The best way to use the calculator is to run at least three scenarios: conservative, baseline, and plaintiff-favorable or aggressive. That reveals which assumptions truly drive the outcome. If one small change completely transforms the estimate, you have learned something important about the case even before you consult an expert.
Common questions about lost earning capacity
How is lost earning capacity different from lost wages?
Lost wages usually refer to income already missed between the injury and the date of settlement or trial. Lost earning capacity looks forward. It asks how the person's ability to earn money has changed over the remainder of a working life. Someone can have little past wage loss but still have major future capacity loss if the injury permanently blocks a skilled career path.
Should bonuses, commissions, and benefits be included?
Often yes, if they were a regular and reasonably predictable part of compensation. This simplified calculator does not have separate boxes for fringe benefits, retirement contributions, or health insurance, so users who want a broader compensation view can add those annual values into the income figures before calculating. In litigation, those items are often documented separately and supported with employer records or expert analysis.
What if the injured person was unemployed, a student, or changing careers?
A person can still have lost earning capacity even without a current paycheck at the time of injury. The analysis just becomes more fact-intensive. Education, work history, labor-market data, licenses, and probable career path all matter. This calculator can still be used for rough scenario testing, but the income assumptions need more judgment because there is no single current salary to plug in.
Why does present value matter so much?
Because the law often awards one lump sum now for losses that would otherwise unfold over decades. A future dollar is not economically identical to a dollar paid today. Discounting accounts for that timing difference. In practical terms, the same nominal future loss can lead to meaningfully different present-value awards depending on the rate, especially when the worker is young and many earning years remain.

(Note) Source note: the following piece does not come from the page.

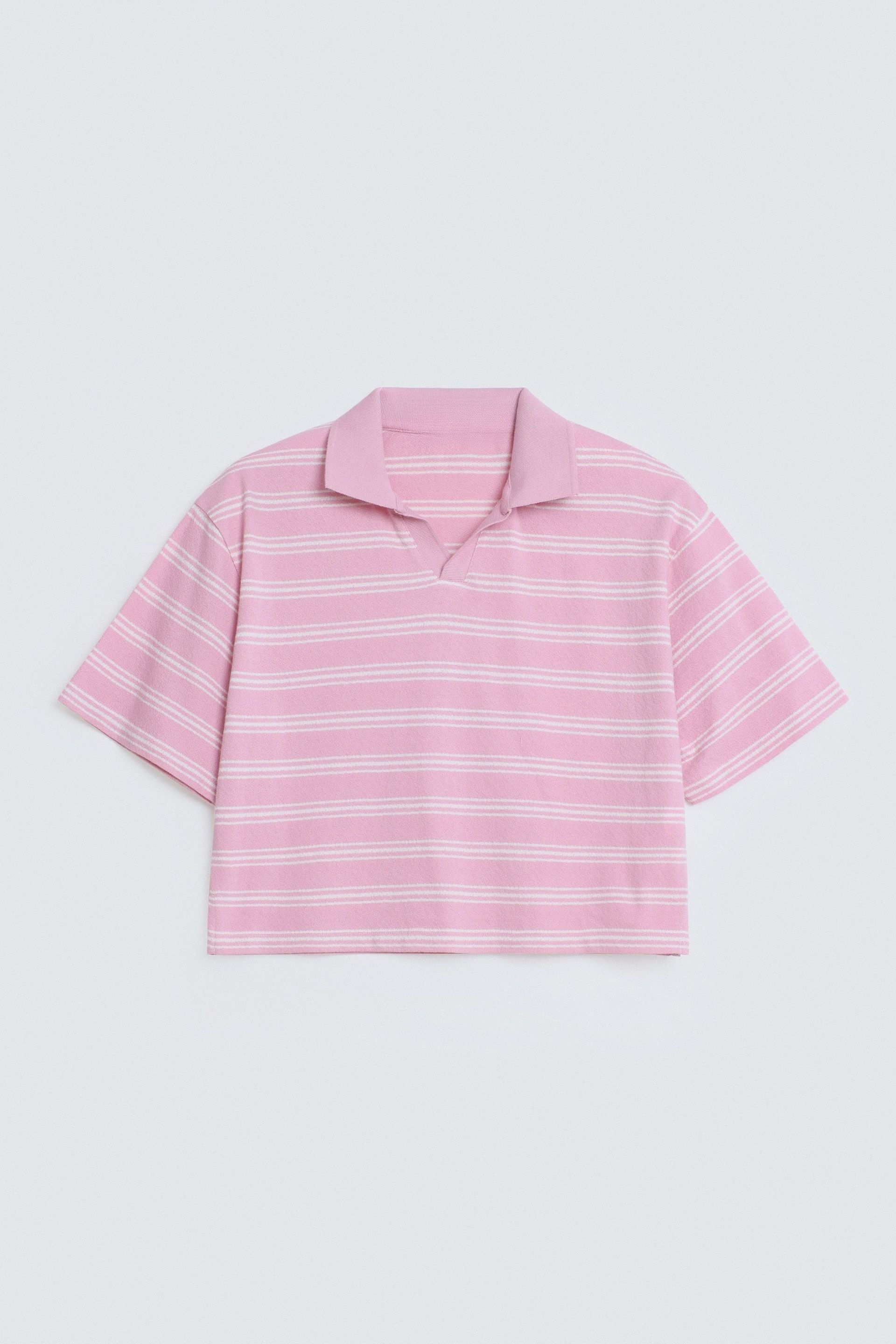 By Shaday Women's Cropped Striped Polo Shirt in Pink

How should I choose a discount rate in a real case?
There is no universal answer. Some jurisdictions use established legal rules, some rely on expert testimony, and some focus on low-risk long-term returns. A lower discount rate raises present value, while a higher rate lowers it. The safest way to use this page is to test several plausible rates and treat the result as a sensitivity tool rather than a final legal opinion.
Mini-game: Case File Valuation Sprint
This optional mini-game turns the same calculator logic into a fast judgment challenge. Moving case files show years left to retirement, an annual earnings gap, and growth and discount rates. Your job is to stamp each file as a low, mid, or high present-value award before it reaches the bench. Big annual gaps and long work lives usually push value up, while higher discount rates pull it down. The game is separate from the calculator result and is only here to make the concept easier to feel.
This optional game does not change the calculator. It teaches the same takeaway in motion: a larger yearly loss carried across more working years usually creates the biggest present-value awards, but discounting compresses dollars that arrive far in the future.